A little sharp considering we were trying to help? 
The puppy doesn`t know you want to get back in to watch the tv or do your crossword or whatever. Do you really think a puppy or a child distinguishes from `jobs` and play? I suggest you get a good puppy book and try to get your head round the mind-set of a baby animal.


----------



## victoriaaa (Jun 8, 2011)

ewelsh said:


> Hi Victoriaaa
> 
> Oh lovely another ESS lover................ Lucy is the first ESS I have had and I must say she is rather a handful............. the stone obsession is getting better she now likes a particular rose bush stub......!!!!!!!!!!!!!! Do you have other dogs or cats???? because Lucy is growling at them and actually attacks them and me, I think she believes her name is NO now!!!! Ha no fear at all................. any tips warmly welcomed


Jessie still likes the plants in my garden and she is one now!! I only have a rabbit.. but Jessie doesnt interact with other dogs.. until recently she used to bark and them constantly on walks.. she was very timid. Now i can just about get her to walk past them in silence if i focus. She's the total opposite to the other spaniel i owned in the past but i wouldnt change her for the world. Best of luck.. keep me updated id love to see some pictures xx


----------



## ewelsh (Jan 26, 2011)

ClaireandDaisy said:


> A little sharp considering we were trying to help?
> The puppy doesn`t know you want to get back in to watch the tv or do your crossword or whatever. Do you really think a puppy or a child distinguishes from `jobs` and play? I suggest you get a good puppy book and try to get your head round the mind-set of a baby animal.

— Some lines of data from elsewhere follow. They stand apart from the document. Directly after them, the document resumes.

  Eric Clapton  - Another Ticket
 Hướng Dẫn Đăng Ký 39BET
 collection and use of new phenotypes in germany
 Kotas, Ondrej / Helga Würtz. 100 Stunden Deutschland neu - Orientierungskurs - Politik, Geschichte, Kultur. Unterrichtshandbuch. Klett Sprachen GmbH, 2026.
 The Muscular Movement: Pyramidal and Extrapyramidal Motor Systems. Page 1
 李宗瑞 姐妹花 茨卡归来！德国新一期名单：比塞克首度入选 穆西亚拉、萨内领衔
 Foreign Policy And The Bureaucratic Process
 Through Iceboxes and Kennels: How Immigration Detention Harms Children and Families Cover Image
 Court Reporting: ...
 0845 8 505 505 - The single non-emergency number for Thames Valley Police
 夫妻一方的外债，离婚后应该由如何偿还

I do not know where I have mentioned I wanted to get back in to watch the tv etc.............................maybe you need to double check what the poster's question is......................#You have to be the most aggressive poster on this site and I am sick of you putting me DOWN and many others who seek constructive advice or help. I am sure you do not have ALL the correct answers nor do I.


----------